— What the task requires —
An exact reproduction of all the data is needed, with no images in it.

— Available data —
----

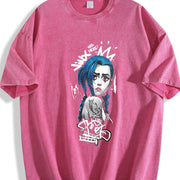 Retro Jinx x Powder Arcane: League of Legends Game vintage washed oversized T-shirt in Red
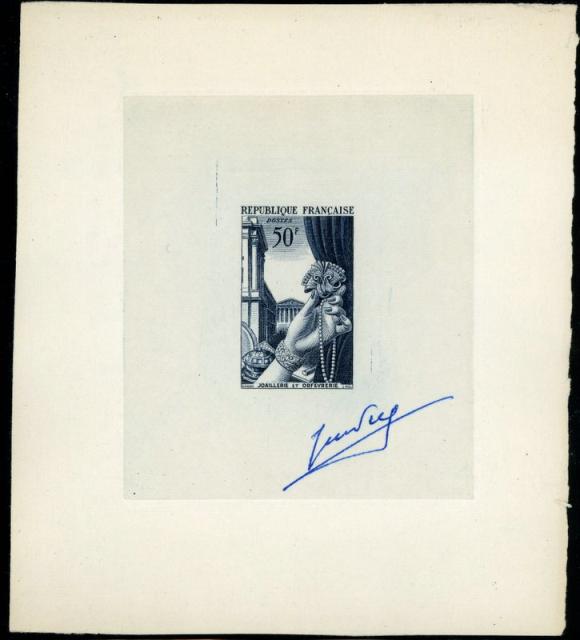 France_1951_Yvert_973b-Scott_714b_unadopted_joaillerie_Type_II_dark-blue_d_AP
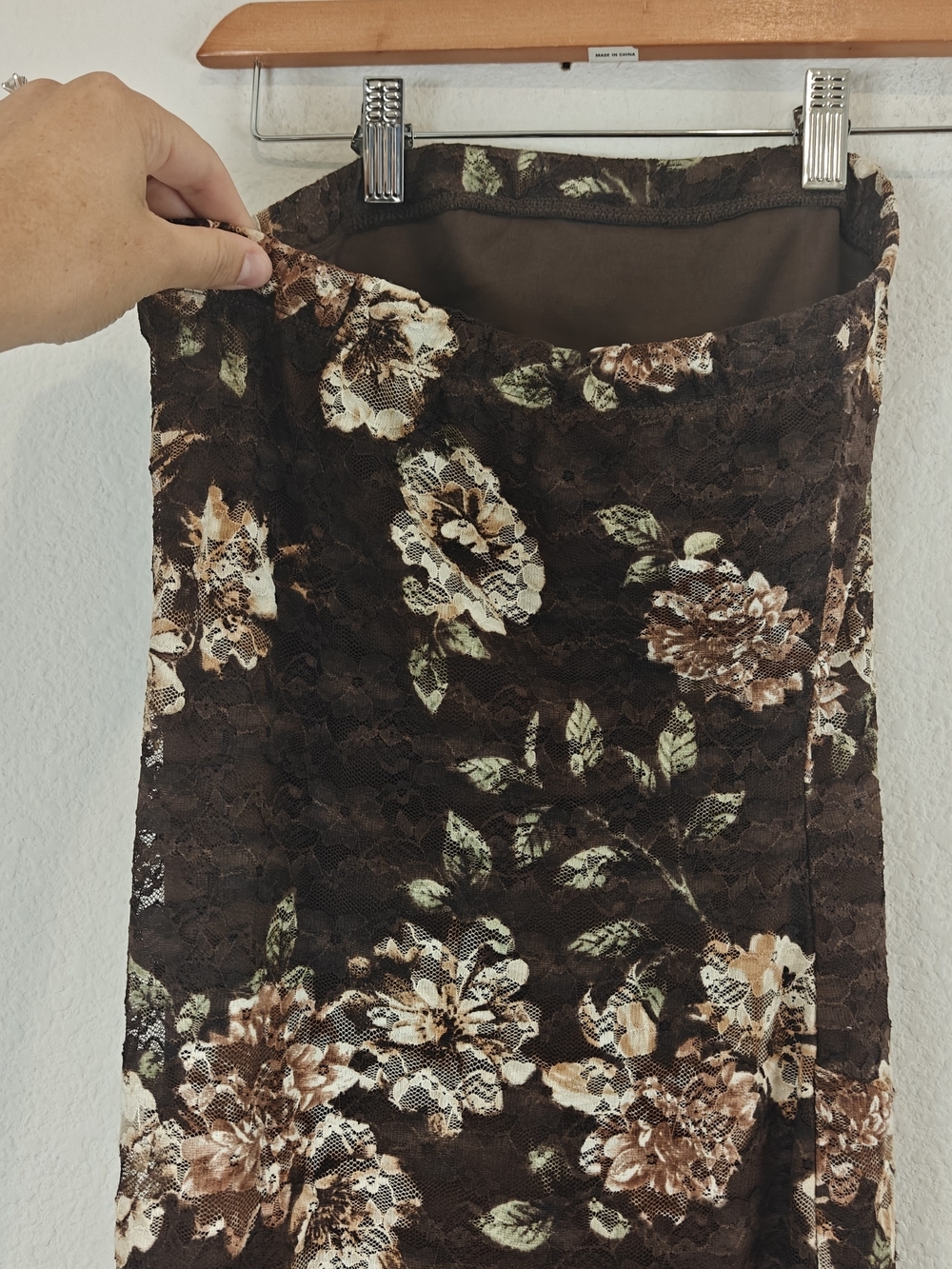 J for Justify Floral Lace Strapless Midi Dress Brown Romantic Ruffle Side Slit M - Picture 14 of 16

----

— Answer to this exercise —
 Retro Jinx x Powder Arcane: League of Legends Game vintage washed oversized T-shirt in Red
 France_1951_Yvert_973b-Scott_714b_unadopted_joaillerie_Type_II_dark-blue_d_AP
 J for Justify Floral Lace Strapless Midi Dress Brown Romantic Ruffle Side Slit M - Picture 14 of 16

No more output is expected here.